畑がジャングル化
相変わらず、僕は畑仕事に精を出し、近所の人たちの手伝いなどをして暮らしていた。
けれども、6月後半から1ヶ月ほど梅雨の時期に突入し、その畑仕事もサボる日が続いた。
梅雨といっても、毎日、ザーザーの雨が降り続くわけではなく、ドンヨリとした曇りの日や、小雨の日も多かった。
最初は、よほどの大雨が降っている時以外は、畑に出て雑草をこまめに抜いたりしていたのだが、1日大雨で休んで以来、ちょっとした雨が降っているだけでサボりがちになってしまった。
*
そうして、7月も終わりが近づき、気象庁から梅雨明け宣言がなされて、ひさしぶりに自分の畑に向った僕は驚いて腰を抜かしそうになってしまった。
まるで、畑がジャングルのようになってしまっていたのだった。
「な、なんだこりゃ…」
あ然として、その場に立ち尽くす僕。
畑がジャングル化してしまったのには、理由がふたつある。
1つは、カボチャのせいだった。しばらく前に植えたカボチャのツルが、伸びに伸びまくって地面をおおいつくし、他の畑まで浸食してしまっている。

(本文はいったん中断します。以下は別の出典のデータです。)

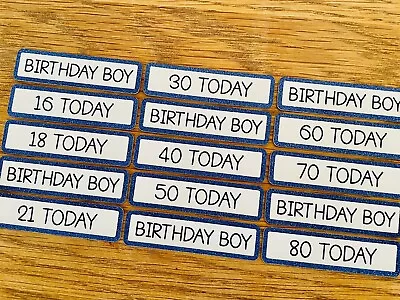 15x Blue Birthday Boy & Age Card Toppers Banners Sentiments Card Making • £3.09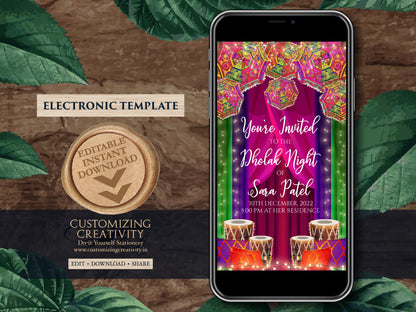 Muslim Dholak night invites, Punjabi Dholki invites digital as Muslim Dholki invitation, Dholak invitation & Pakistani Dholak Invite Digital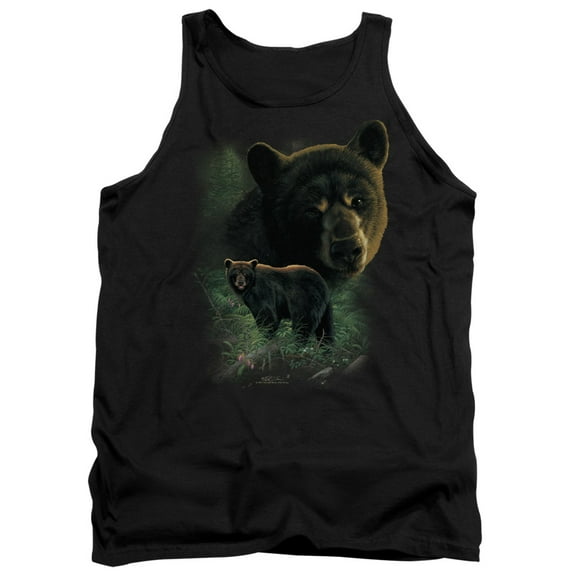 Wildlife Black Bears Adult Tank Top Black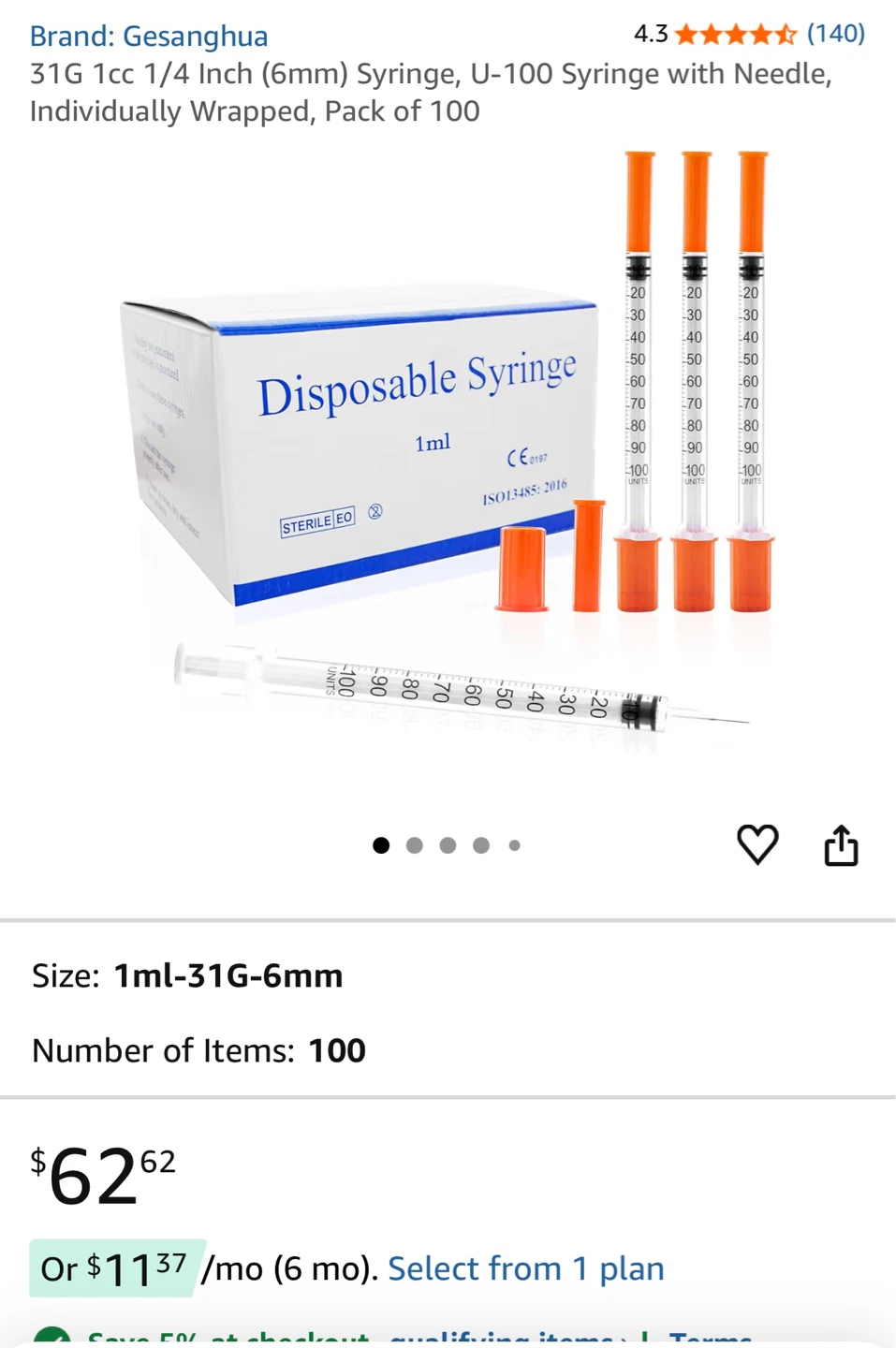 Gesanghua 1ml Disposable Syringes with Needles (100-Pack)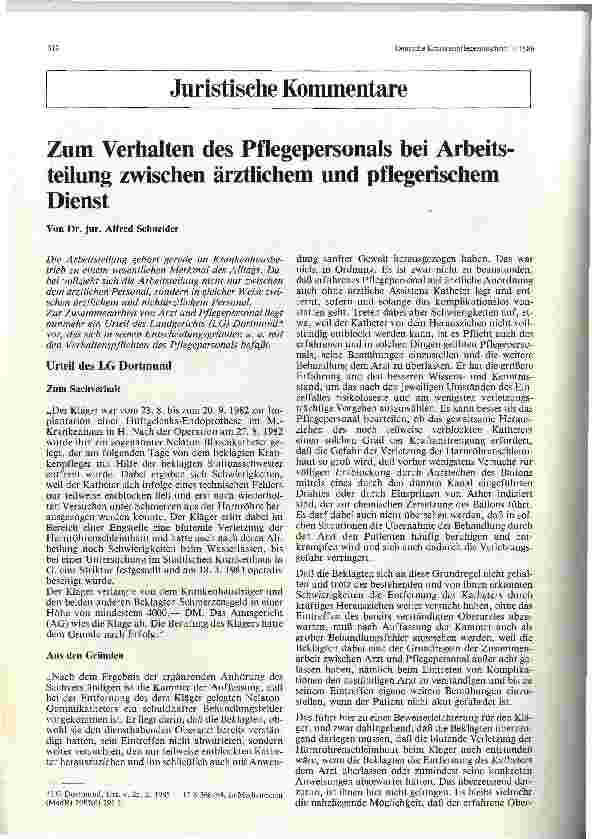 Vorschauseite 1: Zum Verhalten des Pflegepersonals bei Arbeitsteilung zwischen ärztlichem und pflegerischem Dienst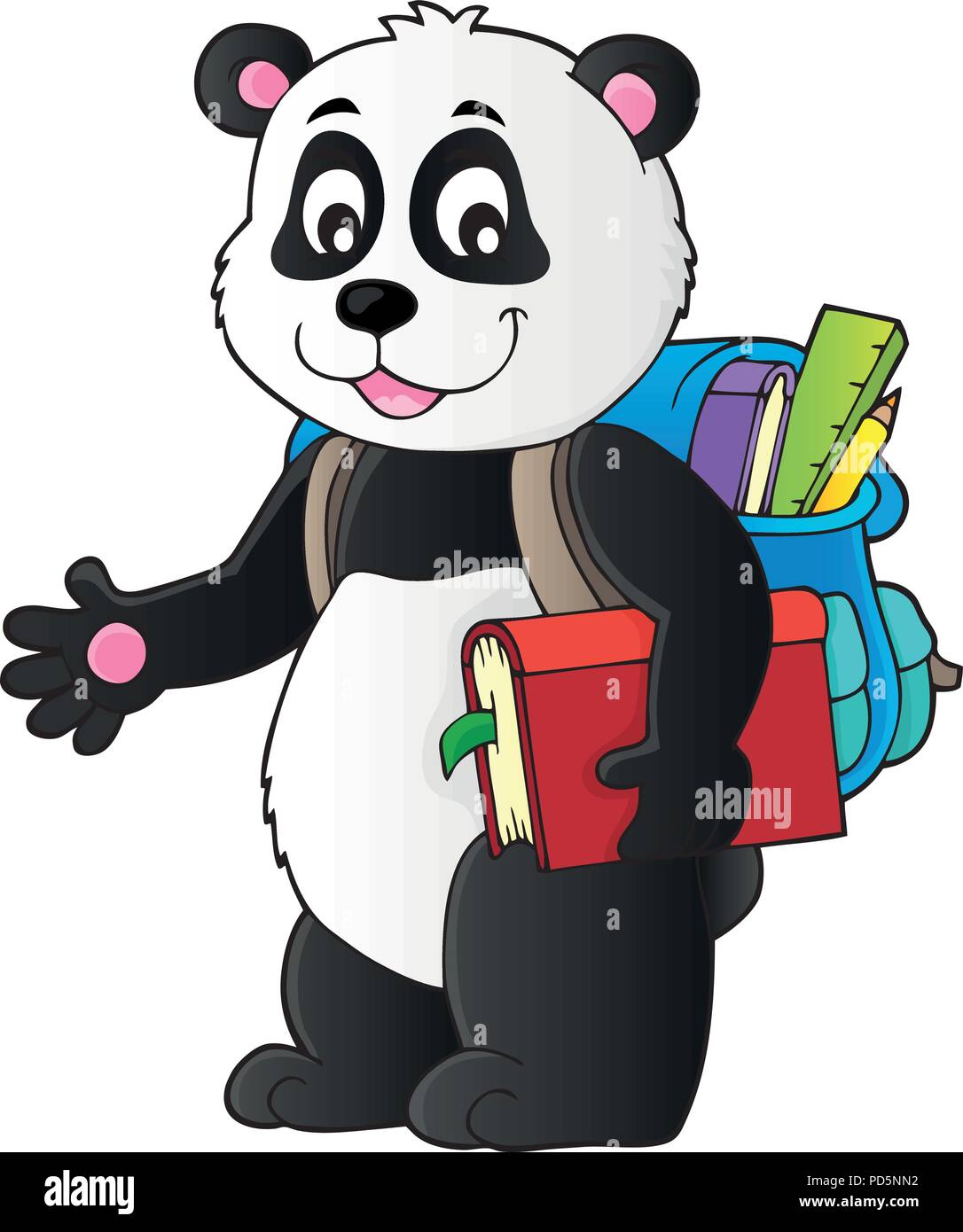 School panda theme image 1 - eps10 vector illustration Stock Vector ...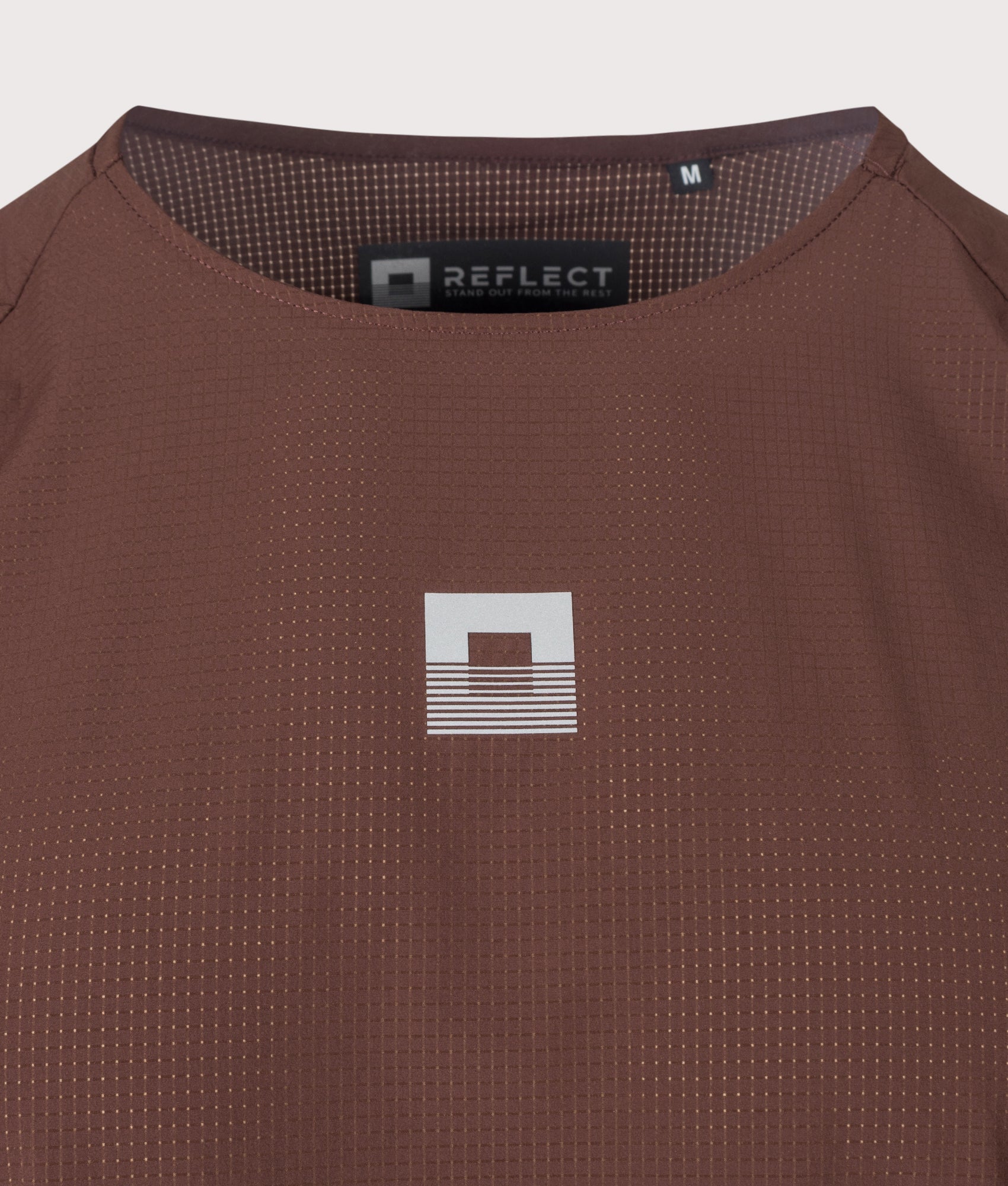 REFLECT Mesh T-Shirt in Maroon at EQVVS Menswear. Detail shot.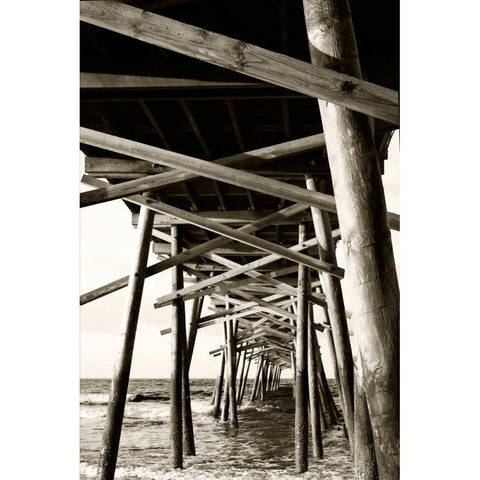 Atlantic Beach Pier I Black Modern Wood Framed Art Print with Double Matting by Hausenflock, Alan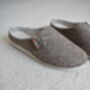 Wool Mule Style Slippers With Toggle Oak Brown, thumbnail 1 of 5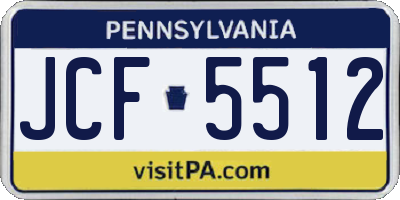 PA license plate JCF5512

ま、こちらは仕方がない。むしろ、「元気に育ってくれた」と喜ぶべきだろう。
問題は、もう1つの方。
油断している間に、雑草が大きく成長してしまっていたのだった。1ヶ月くらい前までは、ほんの小さな草がアチコチに生えていただけだったのに、今やそれらの雑草は信じられないくらいの高さまで伸びてしまっている。僕の腰くらいまでの高さになっているモノも数多くあった。
「植物の成長って、思っていた以上に凄まじいものなんだな…」
そうつぶやくと、僕は軍手を手にはめて、1本ずつ丁寧の手で雑草を抜く作業にかかった。
雑草は畑中に繁殖しており、抜いても抜いてもキリがない。
泣きそうになりながら作業を続けていく。
「でも、仕方がないよな。油断してサボってしまった僕が悪いんだもの…」
自分で自分にそういい聞かせながら、黙々と退屈な作業を続けていく僕。
結局、2~3時間も草抜きを続け、その日はそれで諦めてしまった。
「このペースだと、自分の畑だけでも5日はかかるな。その上、近所の人たちの畑作業も手伝うとなると、完全に終わらせるのに何日かかるかわかったものじゃない…」
雑草は、抜いても抜いても新しいのが生えてくる。大きく成長した草から順番に抜いていると、小さかった草もいつの間にか大きくなってしまっている。
しかも、野菜を傷つけないように不必要な草だけ抜くという作業は、結構気を使う。腰をかがめて作業を続けるので、腰も痛くなってしまう。
「こんなコトになるなら、少々の雨が降っていても、サボらずやっておけばよかったな…」と、反省する。
こうして、僕は「雑草が大きく成長してしまう前に、なるべく小さい内に抜いてしまう。その方が、結果的には楽なのだ」というコトを覚えたのだった。